La construction du numéro s’en trouve elle aussi un peu bousculée. La première section, jusque-là intitulée « A la rencontre de … », est rebaptisée « Repères ». La parole y est donnée à Chéreau lui-même, par le biais de ses divers interviews ou écrits ; dans un bel article, Richard Peduzzi évoque celui dont il a créé tous les décors des spectacles. Les témoignages d’artistes ayant travaillé avec Chéreau sont rejetés vers la deuxième section, qui s’intitule dès lors « Jalons et témoignages » et aurait pu porter le sous-titre « 45 ans de mise en scène : 1969-2013 ». Alors qu’il avait fallu faire un choix parmi les nombreux spectacles conçus par Robert Carsen, alors que les dix-huit opéras montés par Olivier Py faisaient l’objet d’une analyse, il n’existe pour Patrice Chéreau qu’une dizaine de mise en scène à commenter, quatorze si l’on compte le Ring comme quatre opéras distincts. C’est peu en quantité mais, on l’a dit, c’est énorme d’un point de vue historique. Les productions les plus anciennes n’ont pu livrer que des photos en noir et blanc ; c’est dommage pour Les Contes d’Hoffmann de 1974 – diffusé par l’ORTF en 1978, votre serviteur s’en souvient –, mais même certaines images de la Tétralogie paraissent un peu fanées (et la photo de la page 41 ne peut pas être de 1976, puisque la première année, le rocher de Brünnhilde n’avait pas encore pris son aspect définitif). A partir des années 1980, la qualité des photos couleurs s’améliore, mais la définition du noir-et-blanc reste meilleure même pour le Don Giovanni salzbourgeois de 1994. Comme pour Carsen et Py, ces différents spectacles sont évoquées par diverses plumes, parmi lesquelles on retrouve bien sûr quelques fidèles piliers de l’ASO : Giuseppe Montemagno, Pierre Flinois, Ivan A. Alexandre, Alain Perroux, Pierre Michot, jusqu’à Chantal Cazaux pour Elektra. Quant aux témoignages qui s’insèrent entre ces comptes rendus, certains ont été recueillis spécialement pour ce volume, d’autres reprennent des hommages parus dans la presse au lendemain de la mort de Chéreau ; tous ne paraîtront pas forcément d’un intérêt égal (les propos de Daniel Barenboim semblent assez convenus), mais les nombreuses facettes du personnage finissent par s’en dégager. Tout à fait fascinantes s’avèrent les notes prises par Antonio Cuenca Ruiz, stagiaire à Aix-en-Provence alors que la mise en scène d’Elektra était en train de se construire : on touche la au plus près la pratique de Chéreau sur un plateau de répétition.

C’est peut-être dans la dernière partie que ce numéro se distingue le plus des précédents.
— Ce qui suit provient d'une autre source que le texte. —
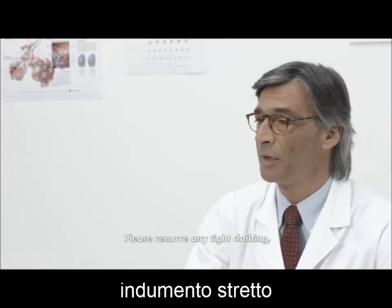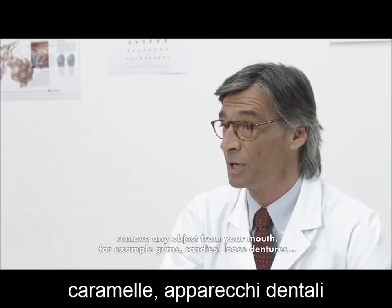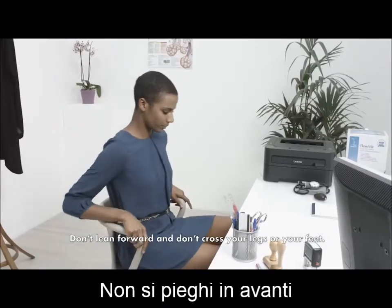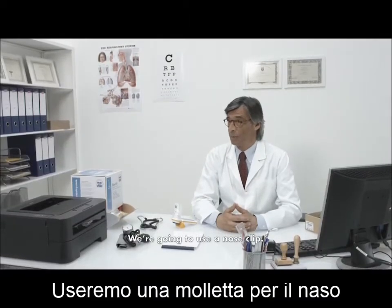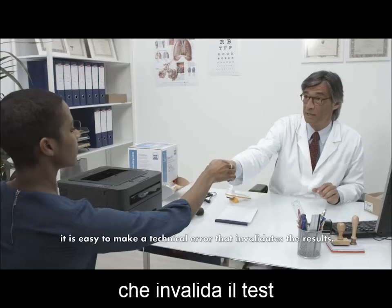Please remove any tight clothing and remove any object from your mouth — for example, gum, candies, or loose dentures. It is preferable to perform the test in a seated upright position. Don't lean forward and don't cross your legs or feet. We are going to use a nose clip. If the nostrils are not blocked, it is easy to make a technical error that invalidates the results.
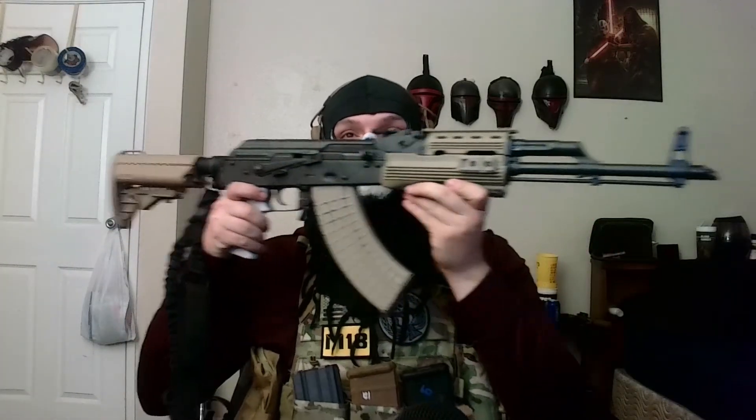Behold! Any Call of Duty fans might recognize this as the AK-47 from Modern Warfare 2. This is a clone build. The only thing I'm really missing is a railed optics adapter. Personally, I hate optics on AKs — that's why I didn't get one. I just prefer using the iron sights. I'm actually not a big fan of AKs in general, but this was something that I wanted to do, just because.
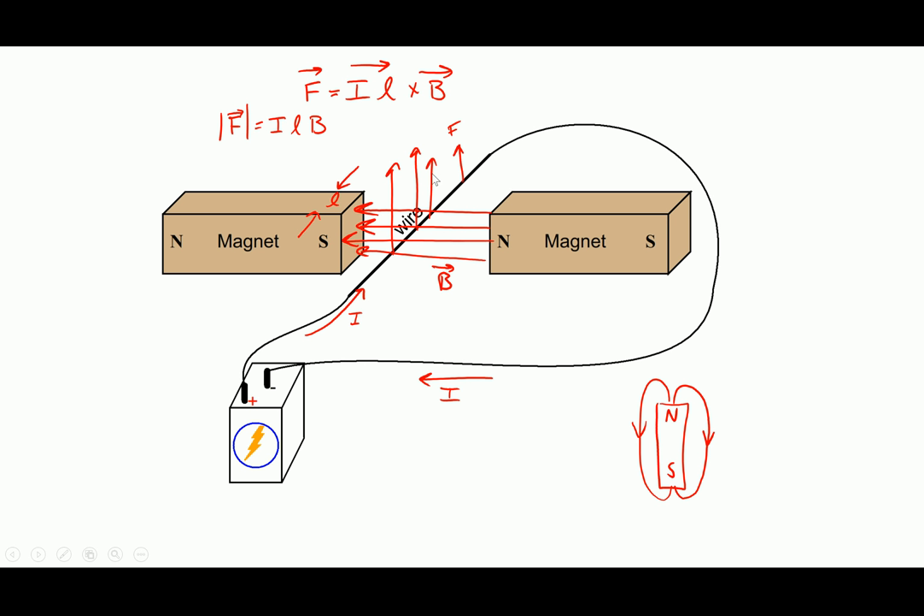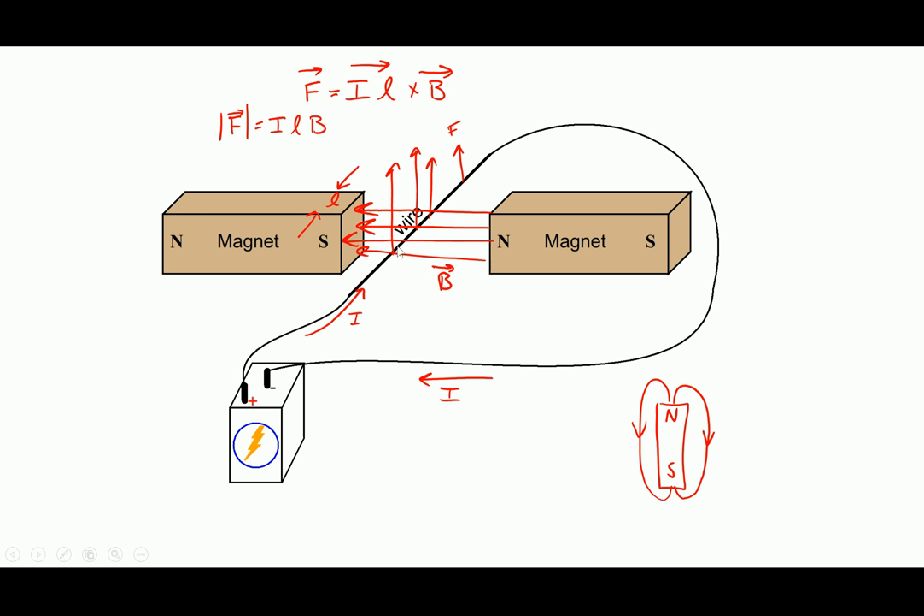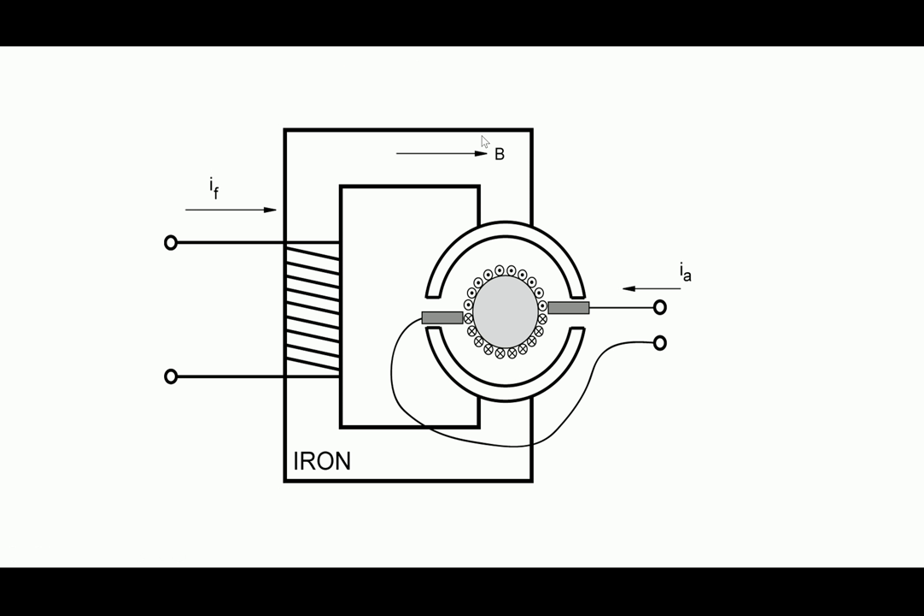That's the basic principle by which any motor works — not just a DC motor. I always have to make a magnetic field and put a current-carrying wire into that magnetic field, and then I've got a machine. This is a cross-section of what a typical DC motor might look like — I'll bring one to class so you can see what it looks like taken apart.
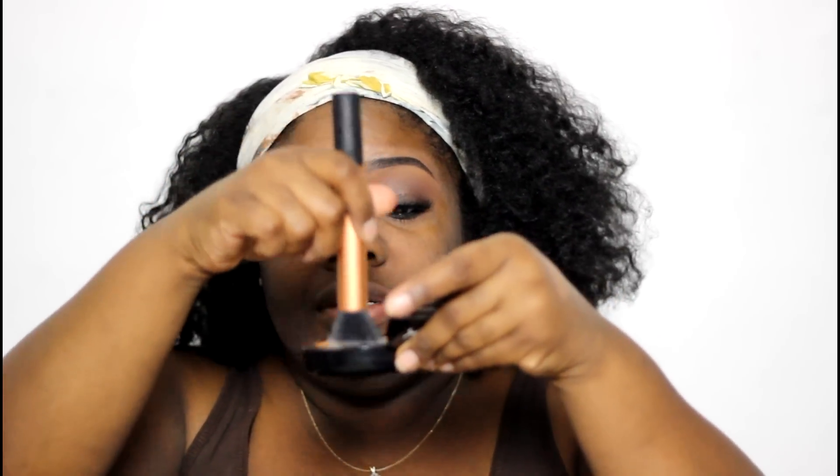I'm using the Real Techniques Buffing Brush and I'm just going to push that into the skin. I'm tapping right into the product and pushing it into the skin — that is what's going to give me the coverage.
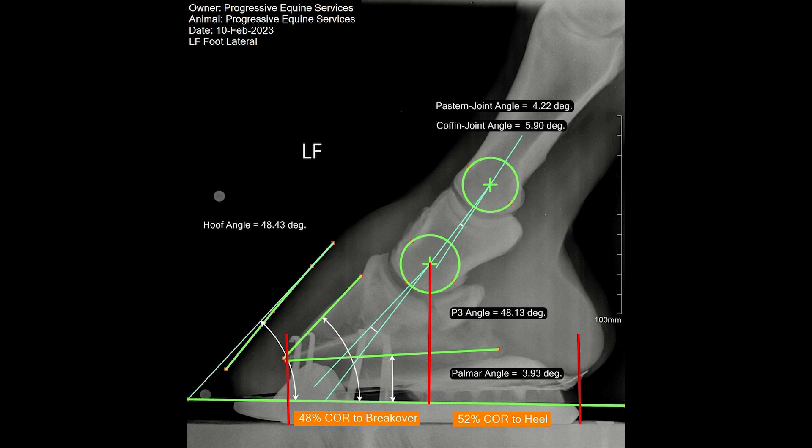This was an excellent result for the horse and the owner reports a huge difference in her horse's posture, stance, comfort, behaviour and performance.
Là où un Alain Perroux s’autorisait une certaine légèreté dans son « Petit précis de grammaire carsénienne » ou sa « Petite table alchimique des docteurs Py et Weitz », la badinerie n’est ici plus de mise. De par sa complétude imposée par la mort, l’œuvre chéraldienne peut faire l’objet d’un discours plus grave, plus théorisé, peut-être. Et comme Chéreau fut aussi metteur en scène de théâtre et réalisateur de cinéma, les articles s’efforcent de dégager ce que l’opéra avait ou non de spécifique dans son travail. Pour Timothée Picard, par exemple, « l’œuvre de Chéreau apparaît […] comme substantiellement opératique ». Anne-Françoise Benhamou balaye un demi-siècle de mise en scène en incluant dans son discours les trois sphères d’activité de Chéreau. Leslie Cassagne étudie la place de la danse dans ses mises en scène d’opéra aussi bien que de théâtre. Souhaitons surtout que certains éditeurs de DVD décident de livrer au public d’aujourd’hui et de demain ces captations qui dorment actuellement dans les archives : Elektra commercialisée par Bel Air Classiques, c’est formidable, mais nous voulons Lulu, Lucio Silla et Les Contes d’Hoffmann !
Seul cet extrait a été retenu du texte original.